April 30, 2019
Real & Raw // "Celebrating all Bodies" by Brenda Stearns
What advice would you give someone who is struggling with their body image?
Your body is amazing.
Your body is beautiful.
Your body is powerful.
Your body is strong.
Your body is capable.
Your body made you a mother.
Your body grew a human inside.
Not everybody has that privilege.
How did people react when you started being more open and vulnerable about your post partum body?
I get it all! Hate messages, trolls, comments saying my body is disgusting or ugly.
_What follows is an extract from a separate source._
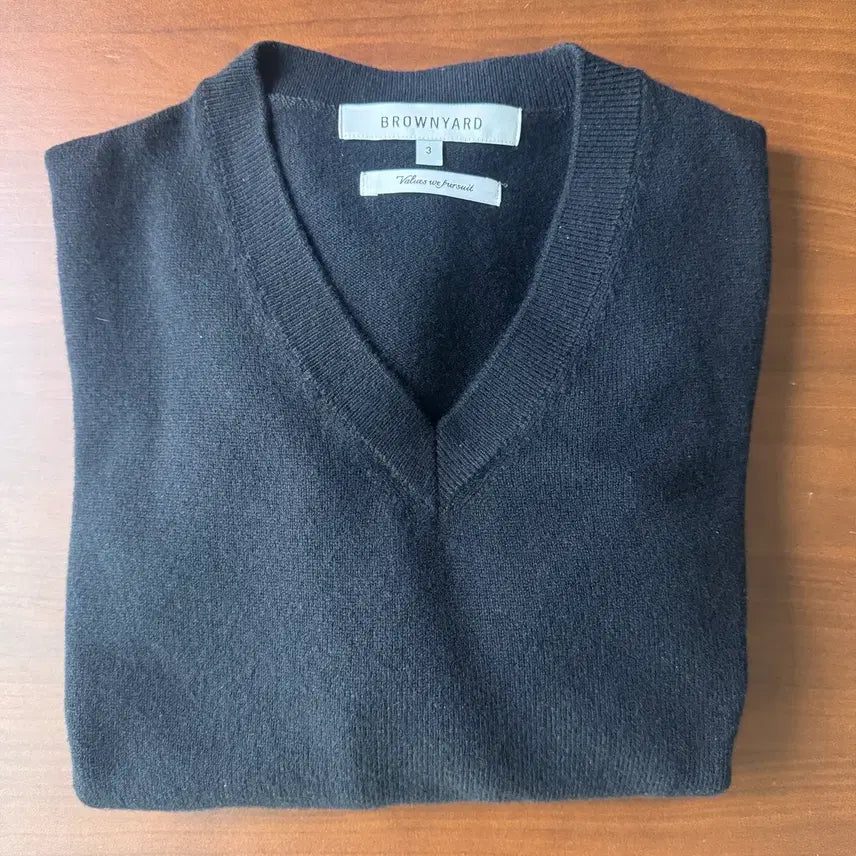 [SOLD OUT] 브라운야드 브이넥 블랙 3사이즈 판매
While society wants to sit behind a screen and label us as flawed, I am here to remind all of us that to our children we are perfect. They see behind the stretched out skin, marks, and lines. They see us for who we truly are. They know our hearts and love us unconditionally. And that is all that matters. 💗
And for every negative comment I receive, there are hundred positive ones! In the end those trolls didn’t nothing but to fuel my desire to keep normalizing the beauty of the postpartum body!
How has you life changed since having kids??
Tremendously!! I never sleep haha!
Life is beautiful and chaotic, and crazy, and loud, but full of love.
My kids have helped me realize that it doesn’t matter what my body looks like, they see me for who I am inside. They make me a better person.
Did your body make different changes with your different kids?
Each pregnancy was different and so was every birth. With my first baby I ended up with an emergency cesarean which left a huge scar on my lower abdomen. I didn’t like my body, my breasts grew three times larger and leaked all the time, I had stretch marks on my sides, my belly flopped, and I just did not feel beautiful. With each pregnancy and birth came more changes.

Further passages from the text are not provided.